Friday, October 29, 2010

35 ... Not Sure If I Am Ready or Not ... Can I Be 29 and Holding?


So, as a little girl I always thought that you would feel different the older you got.  I can't speak for others, only myself, but, I don't feel much different.  I feel like Kelli, only slightly more stressed, a little more weight, much different priorities, major issues with vascular congestion in my legs from having babies, but, still me underneath it all.  I guess I am still waiting on that feeling different part ~ only different I feel is that I am turning more and more into my mother and other relatives I promised I would never be.

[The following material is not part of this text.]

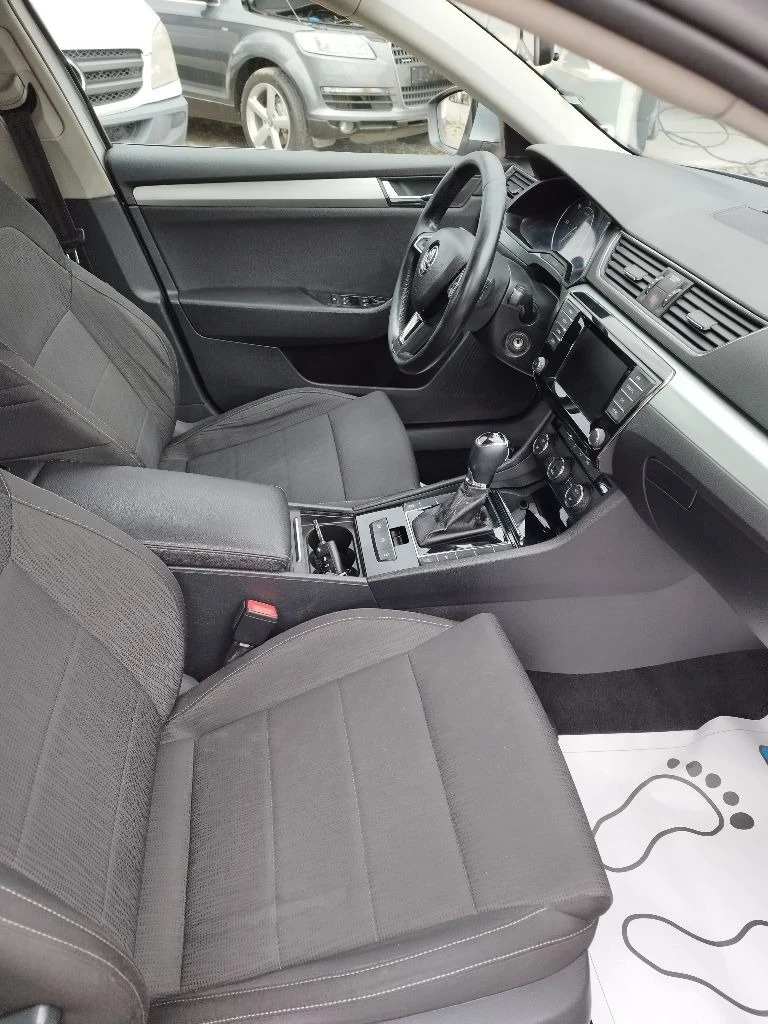 Skoda Superb 2.0 TDI, снимка 12 - Автомобили и джипове - 40022905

Sierra is 14 years old and wants to go out on Halloween with a few of her girlfriends to go Trick or Treating.  Actually, I am surprised they still want to do that at this point, but, I am trying to very slowly let a little slack on the apron strings.  I remember when she was less than 5 days old and I cried thinking that one day she would grow up and leave me.  I mean, really, I had some issues. lol.  However, somehow those feeling from 14 years ago are popping back and I am so scared about her growing up and one day flying the coop to begin her life on her own.  I want so much for her and feeling like I only have a few more years to instill in her all I want her to know.  Then I sit back and remember that life is a process and we all have to learn.  The best gift I can give any of my children is to try and keep communication open and try to help them without letting them know.  I know there is a fine line of being a parent or being a friend .... somehow as she grows older I want to find that line, where I can be both.  Some say it is impossible ~ and maybe for them it is ~ but, I don't have to fall into that because others say what is and isn't.  This is my family and I am slowly learning to stand up for what I want for my children and my family.  Problem is that I have yet figured out how to stand up for me ~ ~ that is still a work in the progress and I guess that inner little girl never goes away when it comes to standing up for me.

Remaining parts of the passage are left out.